◆ EXERCISE BRIEF
Below is a listing. Quote from it, exactly, the lines from the one containing "Công ty CP Kusto Home" down to the one containing "Set de matrices", both ends included, and nothing else.
****************************************
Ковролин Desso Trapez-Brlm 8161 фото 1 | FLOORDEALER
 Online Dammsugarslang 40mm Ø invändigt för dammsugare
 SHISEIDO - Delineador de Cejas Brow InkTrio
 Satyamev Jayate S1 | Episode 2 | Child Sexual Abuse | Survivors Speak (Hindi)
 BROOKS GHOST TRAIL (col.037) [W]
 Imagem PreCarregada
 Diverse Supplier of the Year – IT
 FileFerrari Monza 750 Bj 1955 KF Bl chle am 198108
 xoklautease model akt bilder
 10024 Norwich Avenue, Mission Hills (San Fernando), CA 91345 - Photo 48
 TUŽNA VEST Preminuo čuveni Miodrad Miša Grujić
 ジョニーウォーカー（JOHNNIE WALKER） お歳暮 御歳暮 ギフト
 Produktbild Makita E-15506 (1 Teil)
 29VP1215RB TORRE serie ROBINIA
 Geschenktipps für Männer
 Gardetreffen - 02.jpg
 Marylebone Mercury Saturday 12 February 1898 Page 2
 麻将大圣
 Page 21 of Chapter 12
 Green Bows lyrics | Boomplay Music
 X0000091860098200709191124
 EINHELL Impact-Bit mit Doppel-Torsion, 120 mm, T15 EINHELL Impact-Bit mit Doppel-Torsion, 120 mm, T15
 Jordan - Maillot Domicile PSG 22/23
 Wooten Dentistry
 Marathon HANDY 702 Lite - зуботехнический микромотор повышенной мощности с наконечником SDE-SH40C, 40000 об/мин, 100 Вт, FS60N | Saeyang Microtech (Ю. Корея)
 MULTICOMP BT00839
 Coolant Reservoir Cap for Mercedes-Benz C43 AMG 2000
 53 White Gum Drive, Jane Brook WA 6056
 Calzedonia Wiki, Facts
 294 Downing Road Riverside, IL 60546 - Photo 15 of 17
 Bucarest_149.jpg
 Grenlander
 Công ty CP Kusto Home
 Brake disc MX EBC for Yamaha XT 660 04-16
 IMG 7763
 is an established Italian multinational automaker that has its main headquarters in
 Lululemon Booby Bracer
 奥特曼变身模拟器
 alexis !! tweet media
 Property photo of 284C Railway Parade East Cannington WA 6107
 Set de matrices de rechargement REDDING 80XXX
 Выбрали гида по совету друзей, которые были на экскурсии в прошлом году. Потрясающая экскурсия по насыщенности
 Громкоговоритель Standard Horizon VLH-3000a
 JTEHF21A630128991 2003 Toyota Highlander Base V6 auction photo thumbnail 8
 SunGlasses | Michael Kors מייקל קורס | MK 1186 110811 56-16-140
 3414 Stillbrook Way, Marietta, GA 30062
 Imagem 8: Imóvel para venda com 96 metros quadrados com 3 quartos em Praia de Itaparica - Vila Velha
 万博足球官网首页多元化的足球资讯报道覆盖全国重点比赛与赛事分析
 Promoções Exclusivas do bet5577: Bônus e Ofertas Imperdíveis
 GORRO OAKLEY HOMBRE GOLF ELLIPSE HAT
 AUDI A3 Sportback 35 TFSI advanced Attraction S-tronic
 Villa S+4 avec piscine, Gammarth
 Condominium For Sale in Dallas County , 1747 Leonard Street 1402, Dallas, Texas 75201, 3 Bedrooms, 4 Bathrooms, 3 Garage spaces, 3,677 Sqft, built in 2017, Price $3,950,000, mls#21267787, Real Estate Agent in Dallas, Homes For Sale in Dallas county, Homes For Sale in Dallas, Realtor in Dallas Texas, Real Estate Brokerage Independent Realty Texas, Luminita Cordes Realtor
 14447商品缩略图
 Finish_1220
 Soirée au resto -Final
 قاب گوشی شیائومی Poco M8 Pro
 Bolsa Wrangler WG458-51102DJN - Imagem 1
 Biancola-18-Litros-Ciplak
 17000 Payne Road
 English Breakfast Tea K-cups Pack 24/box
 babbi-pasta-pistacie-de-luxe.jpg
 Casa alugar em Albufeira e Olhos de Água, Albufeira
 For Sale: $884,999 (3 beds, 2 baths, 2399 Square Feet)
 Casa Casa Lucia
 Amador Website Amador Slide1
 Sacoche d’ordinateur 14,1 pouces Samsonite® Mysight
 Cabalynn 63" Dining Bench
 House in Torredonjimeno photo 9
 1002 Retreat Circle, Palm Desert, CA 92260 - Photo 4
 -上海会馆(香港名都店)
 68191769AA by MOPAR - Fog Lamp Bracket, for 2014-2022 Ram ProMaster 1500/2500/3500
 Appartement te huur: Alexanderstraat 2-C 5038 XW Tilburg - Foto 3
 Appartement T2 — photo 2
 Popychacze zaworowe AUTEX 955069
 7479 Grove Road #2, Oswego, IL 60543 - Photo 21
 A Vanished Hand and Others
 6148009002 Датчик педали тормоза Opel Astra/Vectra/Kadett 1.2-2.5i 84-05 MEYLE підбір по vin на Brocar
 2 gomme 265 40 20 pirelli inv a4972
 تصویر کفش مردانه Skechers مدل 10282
****************************************
◆ ANSWER SPACE
 Công ty CP Kusto Home
 Brake disc MX EBC for Yamaha XT 660 04-16
 IMG 7763
 is an established Italian multinational automaker that has its main headquarters in
 Lululemon Booby Bracer
 奥特曼变身模拟器
 alexis !! tweet media
 Property photo of 284C Railway Parade East Cannington WA 6107
 Set de matrices de rechargement REDDING 80XXX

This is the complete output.